Material for the task below:

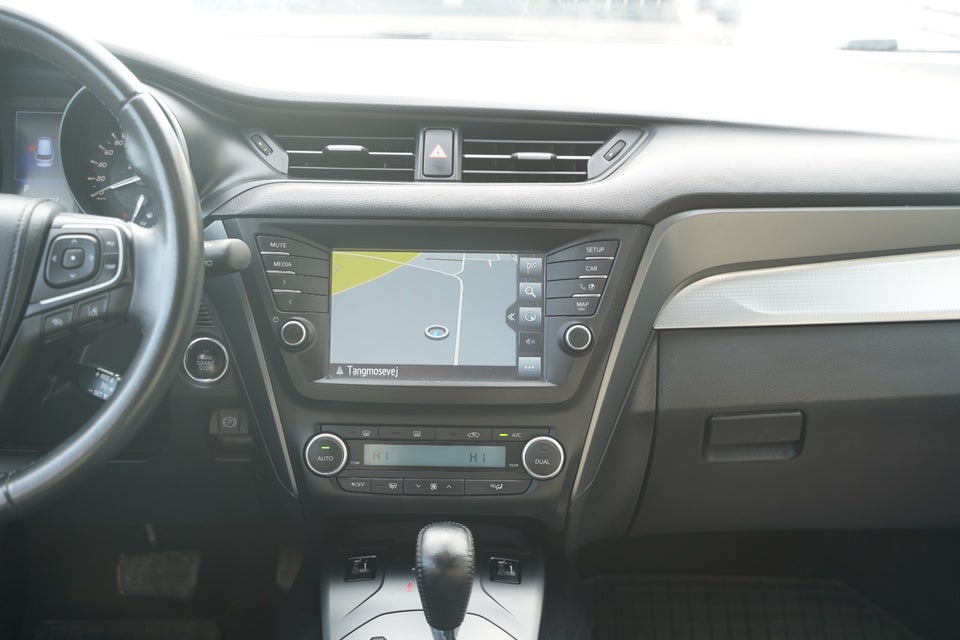 Toyota Avensis 1,8 VVT-i T2 Premium Touring Sports MDS 5d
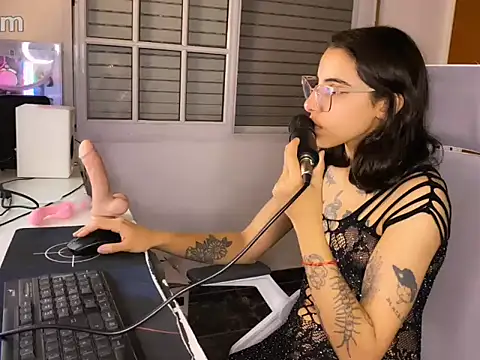 Poison Ivy 29 online show from March 28, 2026, 2:34 am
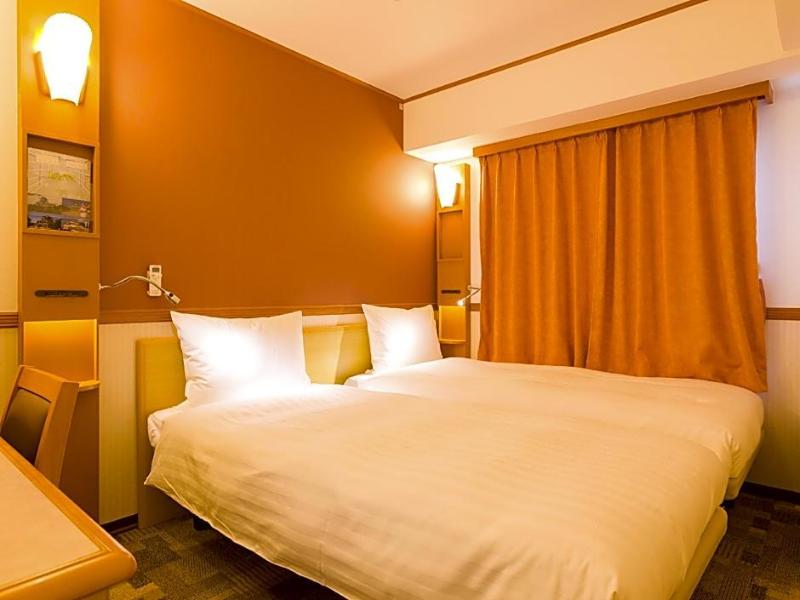 Toyoko Inn Kobe Minatogawa Koen image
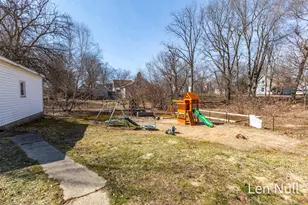 163 S York St, Belding, MI 48809 - Photo 4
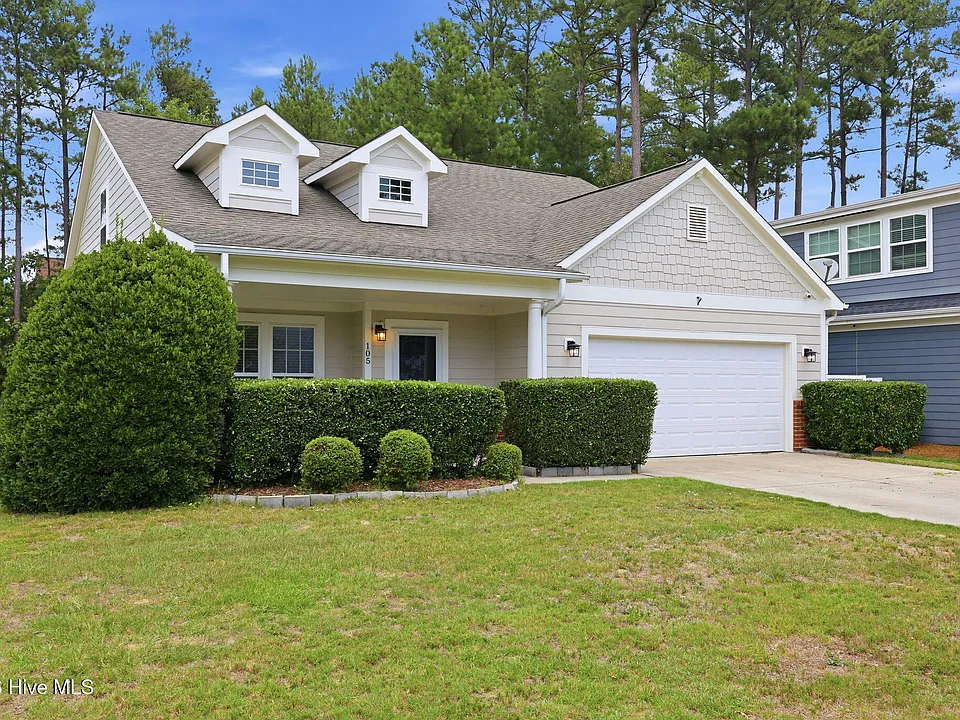 105 Moultrie Ln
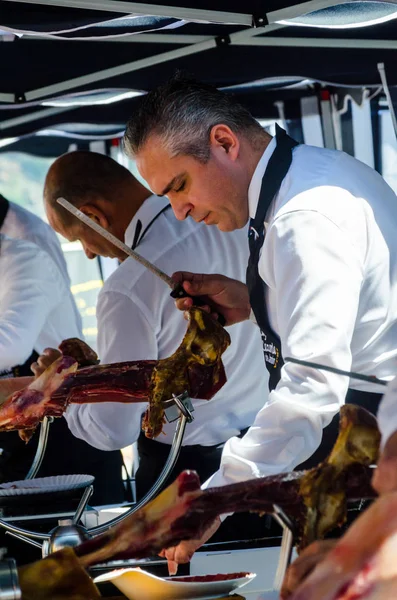 Nerja, İspanya - 15 Nisan 2018 Nerja, Andalusia, harika bir gösteri becerilerinin yer alan Jamon Serrano kesme olay profesyonellerin geleneksel rekabet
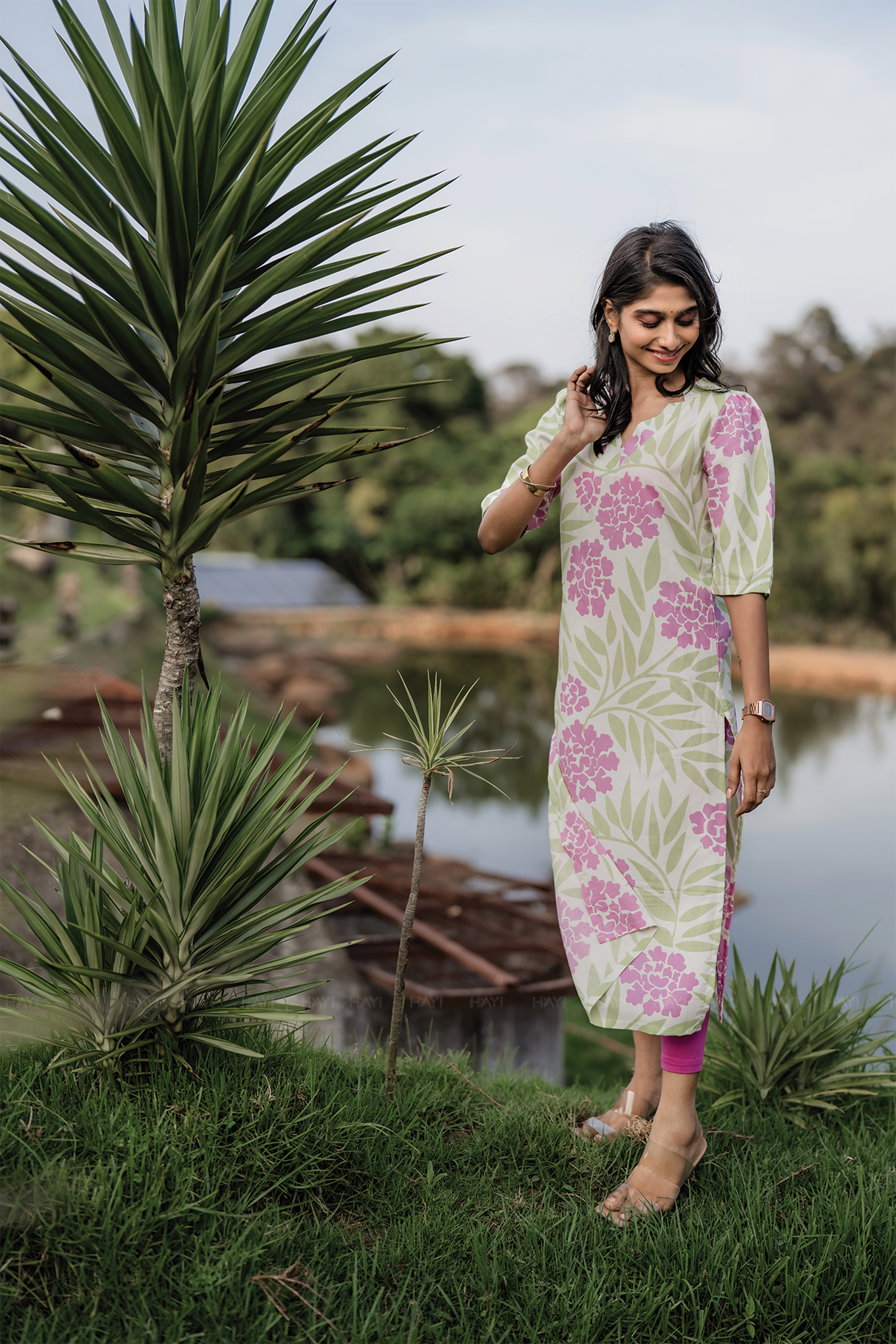 Bloomie Grace Beige Floral Printed Viscose Kurta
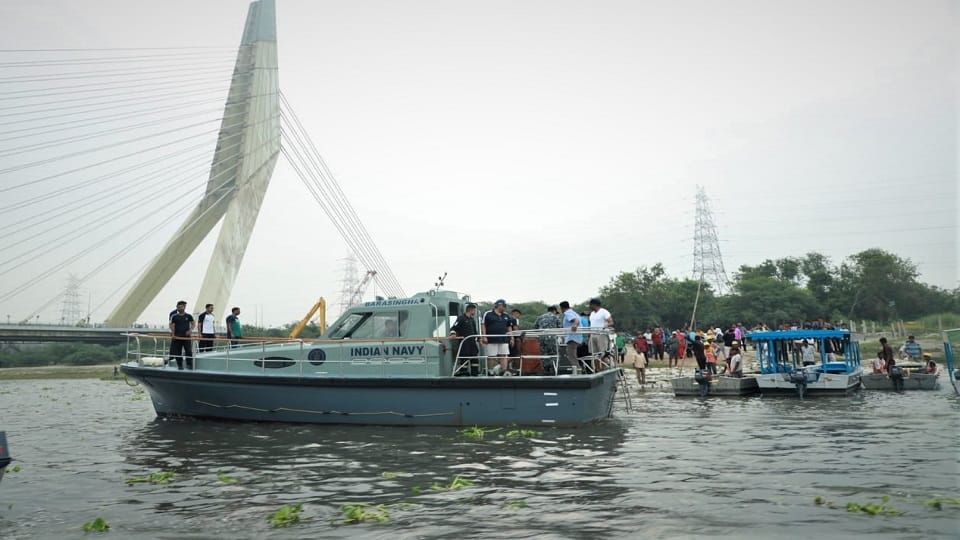 Delhi : Boats to run soon in Yamuna between Signature Bridge-ITO Barrage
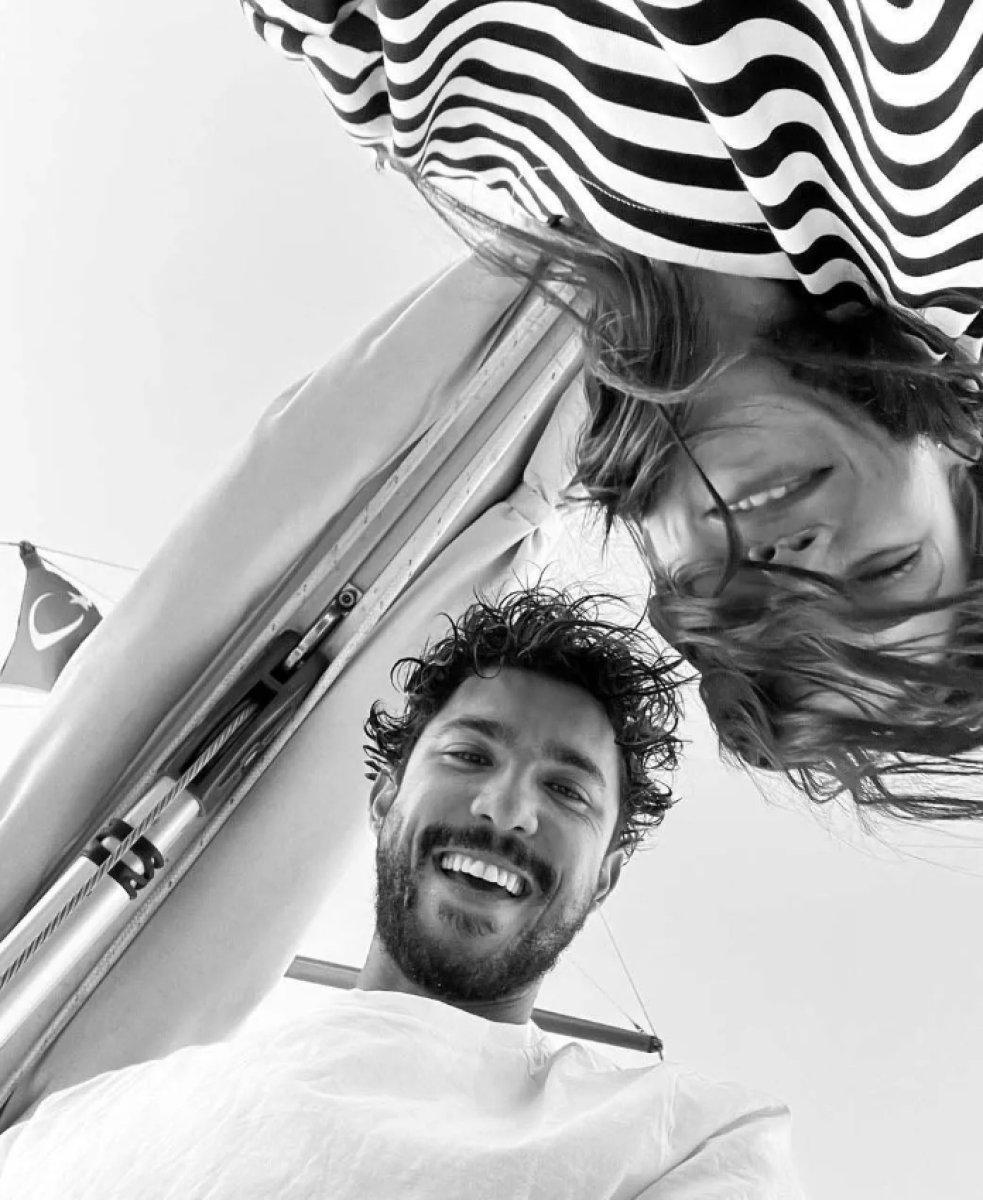 Pınar Deniz'den küvet pozu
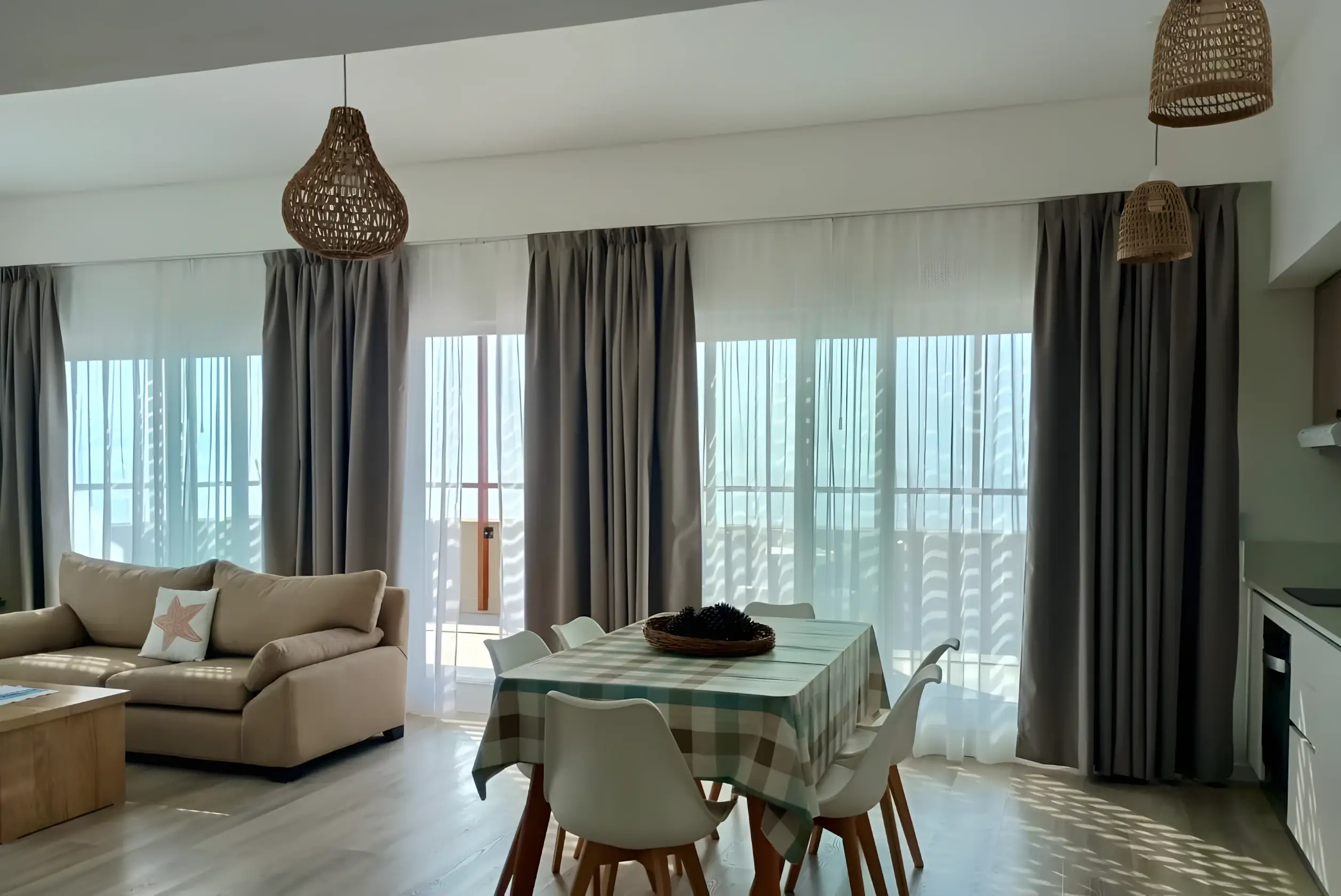 Living comedor con la mesa puesta y la cocina al fondo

End of Material for the task.

● **Exercise**:
Only the lines above starting with the line with "Toyoko Inn Kobe Minatogawa Koen image" and going on through the line with "Bloomie Grace Beige" belong in the answer; repeat them exactly, minus any picture.

● **Response**:
 Toyoko Inn Kobe Minatogawa Koen image
 163 S York St, Belding, MI 48809 - Photo 4
 105 Moultrie Ln
 Nerja, İspanya - 15 Nisan 2018 Nerja, Andalusia, harika bir gösteri becerilerinin yer alan Jamon Serrano kesme olay profesyonellerin geleneksel rekabet
 Bloomie Grace Beige Floral Printed Viscose Kurta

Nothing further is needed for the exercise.